Work to complete: Would you please return the data below verbatim, without its pictures?

Information supplied:
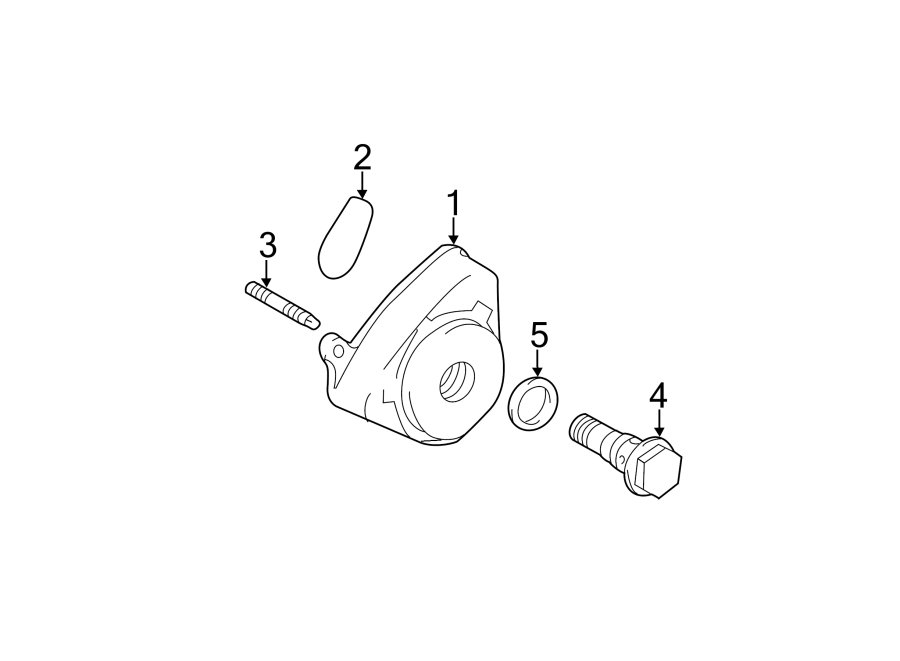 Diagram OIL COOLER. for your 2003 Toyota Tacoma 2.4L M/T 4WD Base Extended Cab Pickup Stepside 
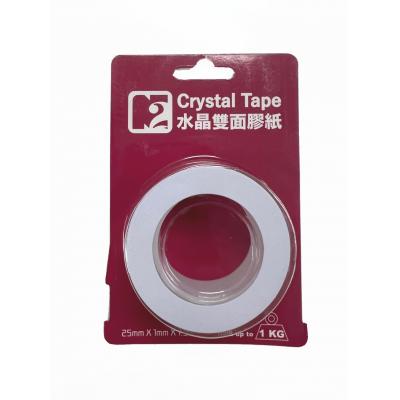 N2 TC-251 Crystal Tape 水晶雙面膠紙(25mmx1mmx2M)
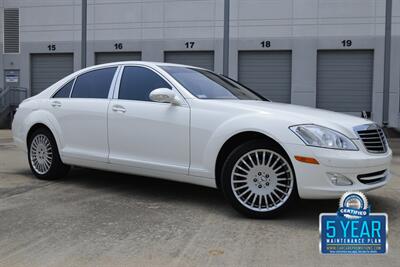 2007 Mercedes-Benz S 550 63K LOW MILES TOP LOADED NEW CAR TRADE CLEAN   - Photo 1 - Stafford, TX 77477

Written response:
 Diagram OIL COOLER. for your 2003 Toyota Tacoma 2.4L M/T 4WD Base Extended Cab Pickup Stepside 
 N2 TC-251 Crystal Tape 水晶雙面膠紙(25mmx1mmx2M)
 2007 Mercedes-Benz S 550 63K LOW MILES TOP LOADED NEW CAR TRADE CLEAN   - Photo 1 - Stafford, TX 77477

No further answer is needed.